I appreciate your position, Mr Speaker, and I do not want to reflect on past debates in the Assembly. I do, however, stress that it is important that we do all we can, whilst balancing the need to protect the courts, to balance the need to ensure that debate is as full as possible in this house. These rules will assist in that regard.

Senate Practice makes the point that there should a substantial, not a slight, danger of prejudice to proceedings before a court and states, moreover, that, because sub judice turns on the possibility of someone being influenced, judges are not seen to be influenced by public debate.

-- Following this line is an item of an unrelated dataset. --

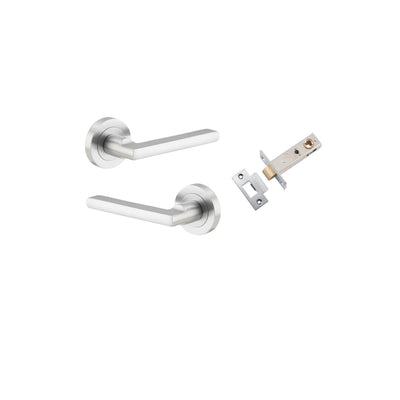 Baltimore Lever on Rose Brushed Chrome Passage Kit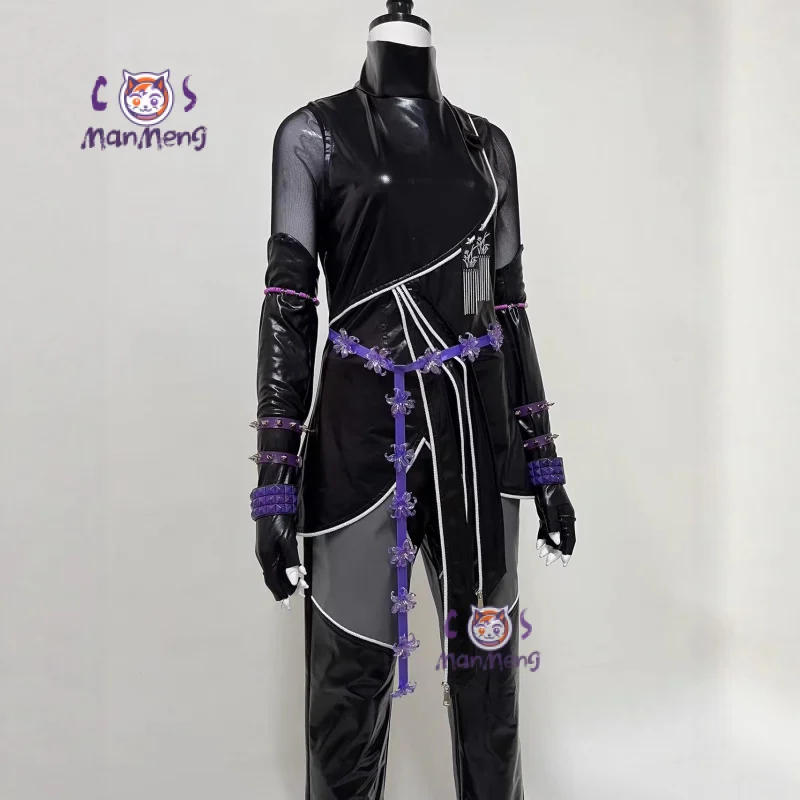 

Rumi Mira Zoey HUNTR/X KPop Demon Hunters Косплей Костюм Новая черная кожаная форма для взрослых и детей женский комбинезон на Хэллоуин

House of Representatives Practice puts it that there is a long line of authority from the courts that indicates that courts and judges do not regard themselves as such delicate flowers that they are likely to be prejudiced in their decisions by a debate that goes on in the house.

The convention of sub judice is something, I would suggest, that needs to be used sparingly if there is to be any robust, democratic debate allowed in places such as the Assembly or any other parliament of the Commonwealth of Australia. Indeed, the principle seems to be, as it has developed over the years in the House of Representatives and the Senate, that debate must be allowed unless it can be demonstrated that there is a clear and substantial danger of prejudice in the court’s proceedings.

I would submit that, unless future matters that come before the Assembly could cause real or imagined prejudice to a trial or court hearing in the sense of either creating an atmosphere where a jury would be unable to deal fairly with the evidence put before it or perhaps affecting the future verdict, free speech, in the primacy of public interest, must be maintained in the chamber. It is time—and I commend this to members—that we adopt an approach to sub judice that is consonant with House of Representatives and Senate practices and incorporate it into the standing orders that govern our procedures in this place. That will help create a properly democratic chamber of debate and democracy. As Senator Eric Abetz said recently, it is a garden that needs careful tending.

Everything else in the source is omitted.